(Records from a data source)
»»

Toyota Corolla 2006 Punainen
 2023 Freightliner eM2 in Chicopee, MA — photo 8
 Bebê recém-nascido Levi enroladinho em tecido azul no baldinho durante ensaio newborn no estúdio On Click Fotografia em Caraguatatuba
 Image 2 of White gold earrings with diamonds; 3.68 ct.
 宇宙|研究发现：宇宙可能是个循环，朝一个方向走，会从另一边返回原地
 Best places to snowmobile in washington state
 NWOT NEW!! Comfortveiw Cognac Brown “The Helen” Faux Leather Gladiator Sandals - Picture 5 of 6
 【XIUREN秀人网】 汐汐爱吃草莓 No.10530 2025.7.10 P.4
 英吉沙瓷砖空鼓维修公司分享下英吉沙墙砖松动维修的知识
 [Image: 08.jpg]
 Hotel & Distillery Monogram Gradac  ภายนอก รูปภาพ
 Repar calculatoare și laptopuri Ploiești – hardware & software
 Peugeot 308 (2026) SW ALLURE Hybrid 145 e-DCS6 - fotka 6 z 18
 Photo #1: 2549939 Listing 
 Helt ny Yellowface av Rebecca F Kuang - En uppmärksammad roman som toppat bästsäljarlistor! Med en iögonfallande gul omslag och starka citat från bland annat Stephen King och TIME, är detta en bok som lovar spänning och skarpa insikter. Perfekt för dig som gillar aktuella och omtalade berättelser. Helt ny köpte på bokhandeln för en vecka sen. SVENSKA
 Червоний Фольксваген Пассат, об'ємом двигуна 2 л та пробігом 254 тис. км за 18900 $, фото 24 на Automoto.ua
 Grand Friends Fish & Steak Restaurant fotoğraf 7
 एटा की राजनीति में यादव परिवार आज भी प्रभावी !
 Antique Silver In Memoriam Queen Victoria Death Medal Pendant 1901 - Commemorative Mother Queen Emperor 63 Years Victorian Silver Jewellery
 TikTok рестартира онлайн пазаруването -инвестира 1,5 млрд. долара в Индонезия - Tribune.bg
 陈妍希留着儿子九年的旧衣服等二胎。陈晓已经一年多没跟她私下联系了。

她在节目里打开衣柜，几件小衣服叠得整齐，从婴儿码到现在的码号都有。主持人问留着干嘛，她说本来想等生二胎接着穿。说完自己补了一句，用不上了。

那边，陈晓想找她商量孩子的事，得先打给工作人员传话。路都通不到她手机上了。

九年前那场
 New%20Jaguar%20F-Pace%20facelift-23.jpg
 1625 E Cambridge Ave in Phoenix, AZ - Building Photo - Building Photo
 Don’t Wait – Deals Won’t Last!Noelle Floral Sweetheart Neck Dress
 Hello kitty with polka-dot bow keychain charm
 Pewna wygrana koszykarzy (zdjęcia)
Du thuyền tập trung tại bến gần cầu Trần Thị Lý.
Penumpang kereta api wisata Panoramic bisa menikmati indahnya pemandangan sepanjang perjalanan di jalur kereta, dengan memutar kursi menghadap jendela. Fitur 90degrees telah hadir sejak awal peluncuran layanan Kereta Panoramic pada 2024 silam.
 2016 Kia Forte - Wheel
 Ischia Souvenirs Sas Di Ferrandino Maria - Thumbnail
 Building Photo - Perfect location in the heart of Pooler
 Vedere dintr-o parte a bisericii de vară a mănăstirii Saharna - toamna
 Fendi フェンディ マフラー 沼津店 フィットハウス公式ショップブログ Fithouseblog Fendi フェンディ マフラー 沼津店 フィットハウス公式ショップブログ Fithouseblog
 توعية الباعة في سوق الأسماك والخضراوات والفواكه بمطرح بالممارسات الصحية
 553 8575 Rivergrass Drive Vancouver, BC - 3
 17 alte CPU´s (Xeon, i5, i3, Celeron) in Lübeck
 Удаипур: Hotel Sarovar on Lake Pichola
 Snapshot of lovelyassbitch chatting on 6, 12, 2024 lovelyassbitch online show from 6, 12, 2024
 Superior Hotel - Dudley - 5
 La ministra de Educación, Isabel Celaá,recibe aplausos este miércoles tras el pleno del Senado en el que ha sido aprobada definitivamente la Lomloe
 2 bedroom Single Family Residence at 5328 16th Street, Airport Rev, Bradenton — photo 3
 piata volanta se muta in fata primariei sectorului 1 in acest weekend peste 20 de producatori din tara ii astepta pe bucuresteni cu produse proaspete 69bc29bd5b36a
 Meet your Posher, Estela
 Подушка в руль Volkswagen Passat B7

««

> **Task to carry out**: Whenever "Building" occurs in a line above, copy that line.

> **Result**:
 1625 E Cambridge Ave in Phoenix, AZ - Building Photo - Building Photo
 Building Photo - Perfect location in the heart of Pooler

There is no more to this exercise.